Beloved Leader <
Kim_J...@volcanomail.com> wrote:
> First of all, is this the right forum? If there's an automotive
> electronics forum, then I apologize for this post, and I'll ask over
> there.
news:rec.autos.tech , but I haven't checked it in quite a while, so I
don't know if it's any good. There might be a Saturn forum on a web
site or something.
> I would only use this once or twice a year. Right now, I go to the
> AutoZone, where they come out and run the scan with some Actron
> scanner for free.
You might ask if they will rent a scanner like they rent other tools -
basically you put the purchase price down as a deposit, take it home
for a day or two, and then return it in the same condition as you got it
for a 100% refund. (Some other auto parts stores do this too.) Even if
you buy a scanner outright later, this might let you play with a couple
of different ones before you do.
> I have laptops and desktops that run on Win XP and up.
For retrieving and clearing codes, I have always run my scanners with
Windows, either 98, 2000, or XP. I've never tried running one on any
flavor of Mac, or on a phone.
> I have a 1989 Oldsmobile Custom Cruiser. It has OBD I, so it might not
> be possible to get software that works with that, at least not easily.
I think a GM of that vintage will still have the "jump two pins in the
ALDL connector to blink the Check Engine light" interface, and the scan
tools of the day didn't give you a bunch more information than the light
codes did, but I could be wrong. An alternative would be to prowl Ebay,
Craigslist, etc for the original GM scan tool for it. I *think* the GM
tool was/is named a "Tech 2", or possibly some other number than 2.
> My mom's car is a 2000 Saturn wagon, and it runs on OBD II.
> What software or scanner do you have?
I have a couple of older RS-232 products from
http://www.obdscan.net/ .
The first one (bought around 2001 or 2002) came as a kit and had some of
the thinnest traces I've ever seen on a PC board, but it did work when I
soldered it together. It was able to successfully talk to my '01
Toyota, as well as a '96 Suzuki. It could only speak the protocol that
Japanese cars of that era used (ISO-9141, I *think*) so it couldn't talk
to American vehicles of similar vintages.

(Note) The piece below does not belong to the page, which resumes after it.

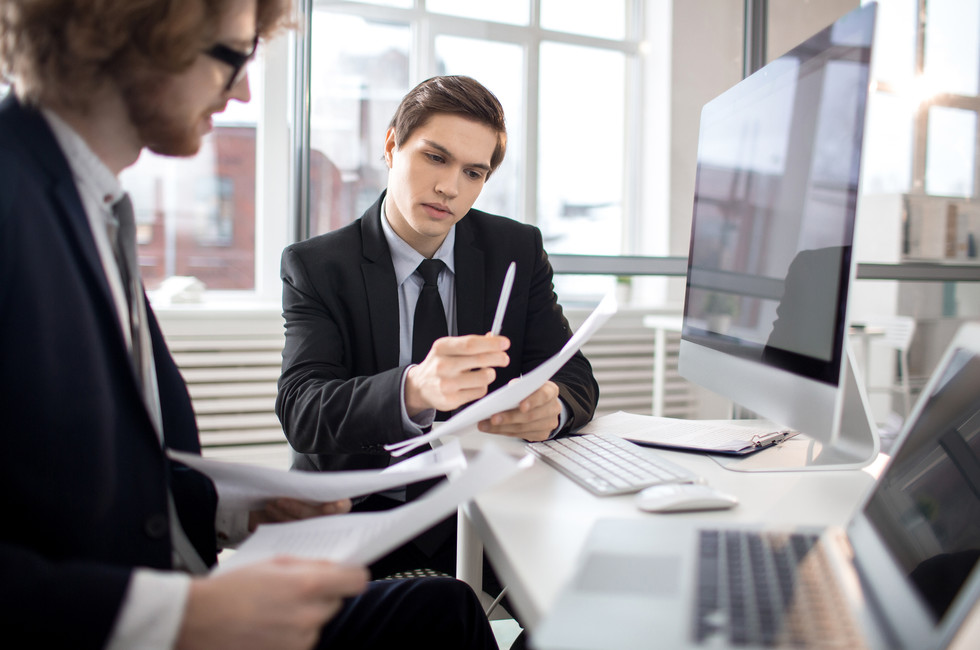 An accountant working on reconciling finances between multiple entities automatically using Payhawk spend management solution.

After three or four years, that one died, and I bought the then-current
version from the same vendor. It came assembled and could speak all
three of the then-current protocols. It could talk to the same two cars
as above, plus I'm pretty sure I used it on an early-00's Chevy and it
worked as well. It could not talk to an '05 Chevy that used CAN, the
latest protocol. I still use this one once or twice a year.
I can't remember which one it was, but the RS-232-side protocol was
documented for one of these. I wrote my own software (under DOS (!)) to
read a few values and after a little experimentation I got it to work.
The provided software, at least for the ones I have, is a Visual Basic
extravaganza. It can read data, read trouble codes, and clear trouble
codes, but don't push it harder than that. I have no experience with
the software they ship with newer tools.
I had trouble with a download from the Web site once, so I emailed the
company and got a prompt reply with working zip file attached. (As far
as I can tell, it's a one-man band.)
> What do you wish you had bought instead?
Sometimes I think it would be nice to have a self-contained tool, rather
than one that plugs into a PC/laptop... if a laptop is not available,
sometimes it is challenging to get a desktop PC close enough to the car.
I don't really use it enough for that to be an issue, though.
> What would you buy for your next device or software?
I'd talk to the independent mechanic that I take my Toyota to and see
what he uses, if it's not the Toyota dealership tool. I'd also check
with some enthusiast forums to see what they like.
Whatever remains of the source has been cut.